▶ _WHAT YOU WILL DO_:
From the records below, output exactly the lines running from the line containing "UseHidden.png" through the line containing "Irinyi József utca-budapest-xi-kerulet-irinyi-jozsef-utca_7.jpg", and no others.

▶ _SOURCE MATERIAL_:
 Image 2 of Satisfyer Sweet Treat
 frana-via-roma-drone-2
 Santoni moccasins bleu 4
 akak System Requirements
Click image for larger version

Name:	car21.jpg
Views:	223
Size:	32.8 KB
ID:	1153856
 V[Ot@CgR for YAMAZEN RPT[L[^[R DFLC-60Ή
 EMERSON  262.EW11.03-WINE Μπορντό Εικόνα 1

...

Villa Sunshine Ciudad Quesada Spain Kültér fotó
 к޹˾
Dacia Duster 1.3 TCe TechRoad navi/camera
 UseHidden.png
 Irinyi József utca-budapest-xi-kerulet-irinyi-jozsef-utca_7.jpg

▶ _FINISHED EXERCISE_:
 UseHidden.png
 Irinyi József utca-budapest-xi-kerulet-irinyi-jozsef-utca_7.jpg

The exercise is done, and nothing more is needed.